- _PROBLEM DESCRIPTION_
The part below that opens with the line containing "Toyota RAV 4 (XA40) Tool set" and closes with the line containing "5226 Allen Cay" should be copied exactly, minus any pictures.

- _EXERCISE DATA_
□ □ □ □ □ □ □

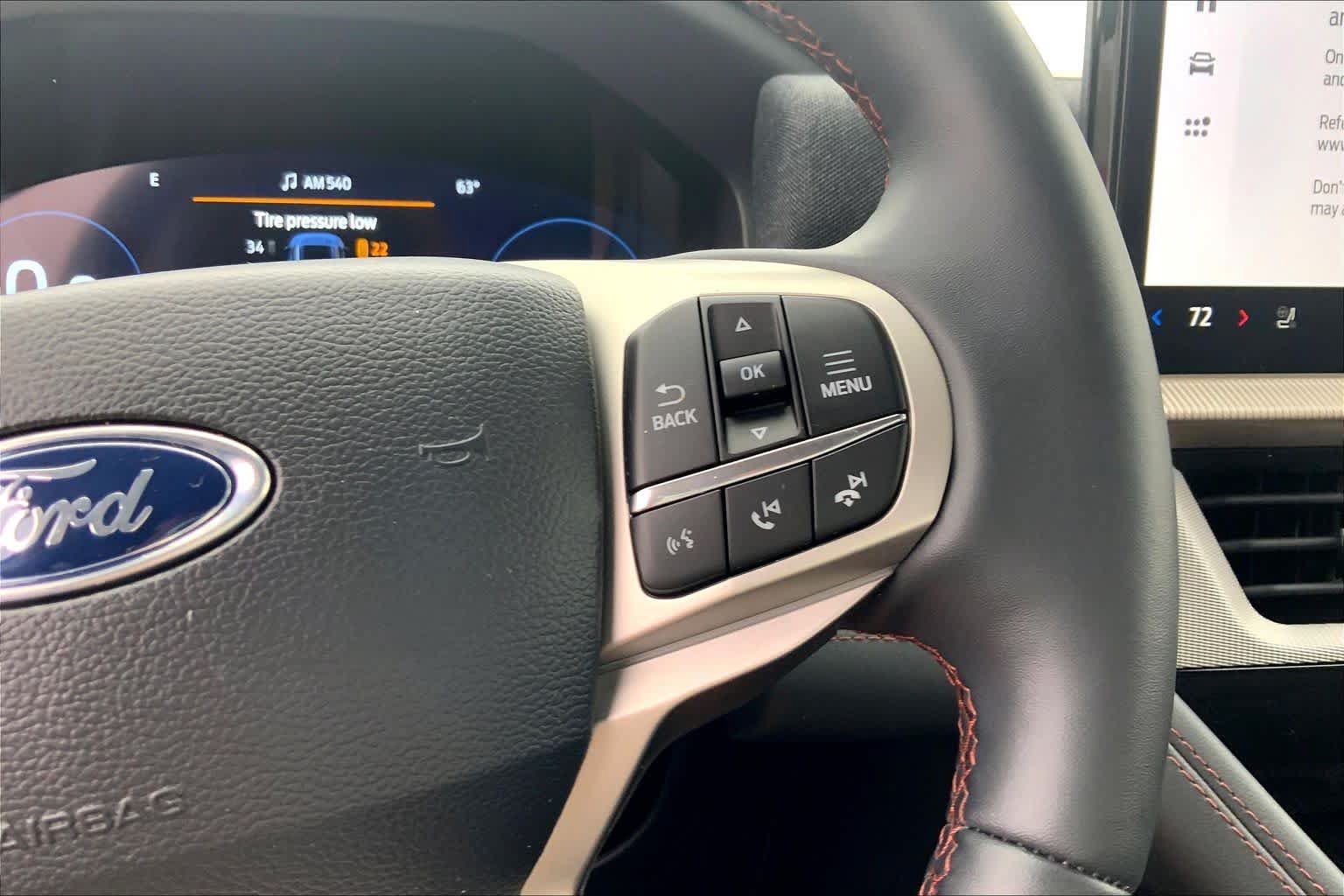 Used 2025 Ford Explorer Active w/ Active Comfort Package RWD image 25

□ □ □ □ □ □ □

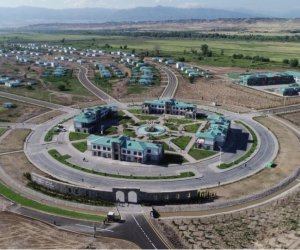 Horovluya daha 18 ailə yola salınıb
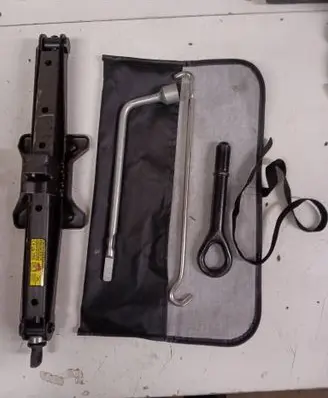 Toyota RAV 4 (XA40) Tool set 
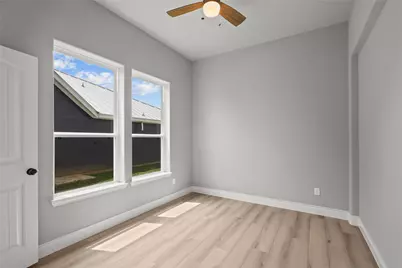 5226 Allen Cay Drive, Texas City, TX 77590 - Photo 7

□ □ □ □ □ □ □

- _EXERCISE OUTPUT_
 Toyota RAV 4 (XA40) Tool set 
 5226 Allen Cay Drive, Texas City, TX 77590 - Photo 7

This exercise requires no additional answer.